Но Илья созерцательно уставился в собственное отражение в самоваре.
– Нынче склизко. Я упаду и прошибу себе голову, – вторично намекнул Ларион, держась уже за скобку двери.
– Нет, сегодня снежку подвалило, – и, отведя занавеску, показал на падавший в темноте снег. – Идти будет мягко.
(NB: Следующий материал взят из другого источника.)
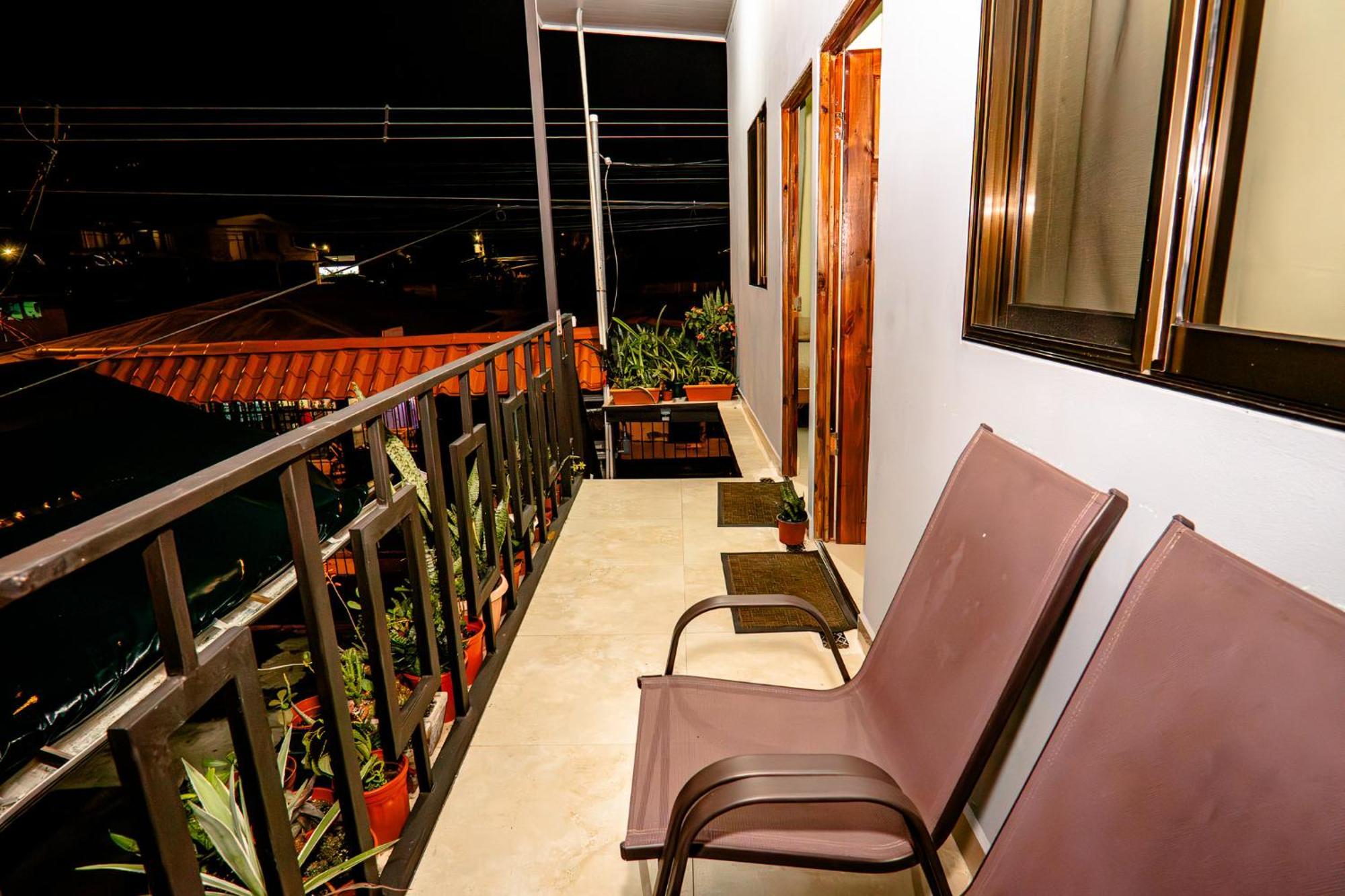 Apartamento Aliga 2 เกโปส ภายนอก รูปภาพ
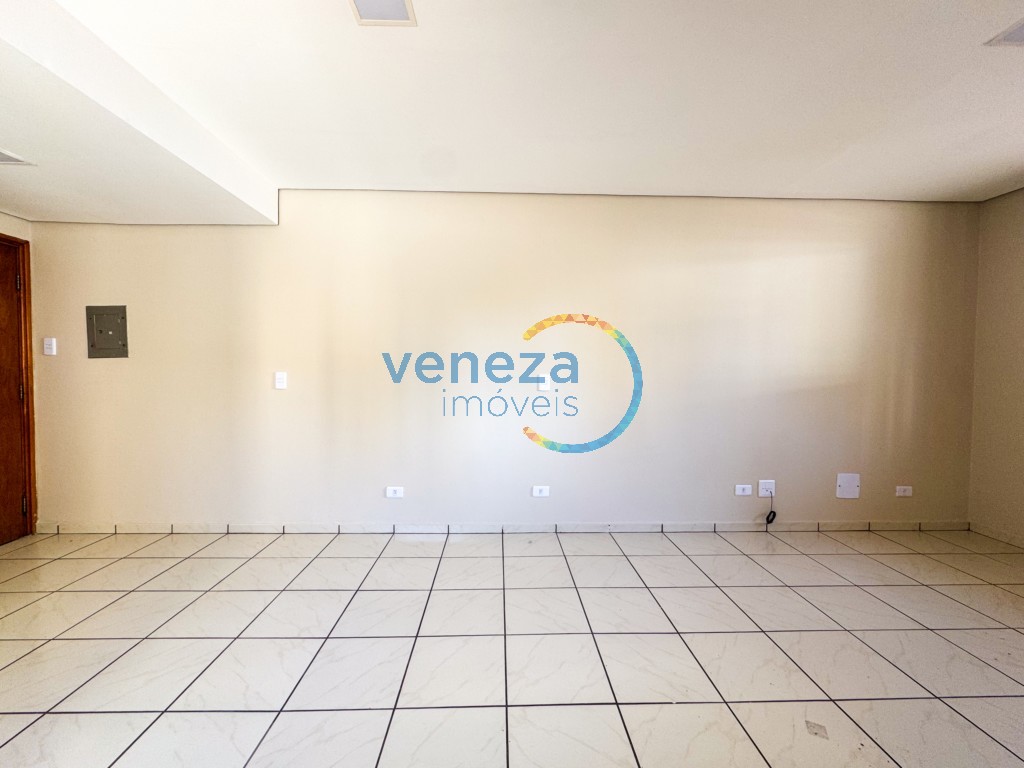 Sala para locação no bairro Centro de Londrina - Foto 9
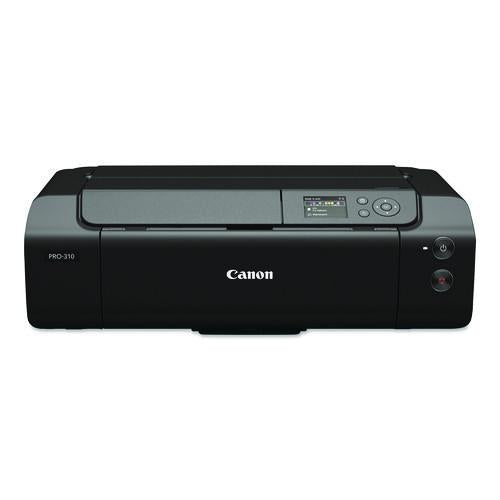 Image of Canon® 6858C002 imagePROGRAF PRO-310 Wireless Injket Printer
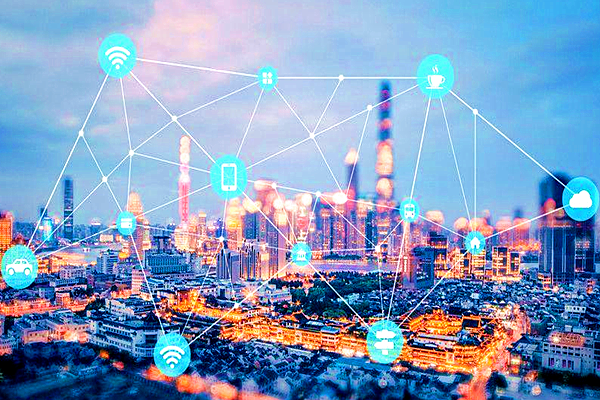 建筑能源管理系統(tǒng)，智慧化生活(圖2)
– Дочки проводят, – сказала Радофиникина с набитым ртом.
И опять Илья был молчаливей Лотовой жены, а Ларионовы дочки уже пробирались к дверям.
– Ну, прощайте, надсмешники! – с уничтожающей мягкостью бросил Пресловутый, и враз не стало ни его, ни его приплода.
Илья сорвался с места и полетел в прихожую, едва хлопнула дверь. Выйдя тотчас же вслед за ним, я нашел его как бы в раздумье.
– Все кончено, Паша! – торжественно объявил он мне. – Так отлично началось и так смешно кончилось. Я ведь подавлен, расстроен до мозга костей... – отчаянно вырывалось у него.
– Любовь, милый, любовь. Любовь, миленький, что бес. Она горами двигает! – вспомнилось мне как будто из Священного Писания.
– Какая любовь? Ты с ума сошел! – вздрогнул Илья и дико посмотрел на меня.
Мы сидели за столом в подавленном безмолвии, и Иона, имея вообще немало глупых привычек, раздумчиво ковырял пальцем в носу, причем даже как-то странно изгибался для удобства. Скука продолжалась, а самовар сипел, отходя.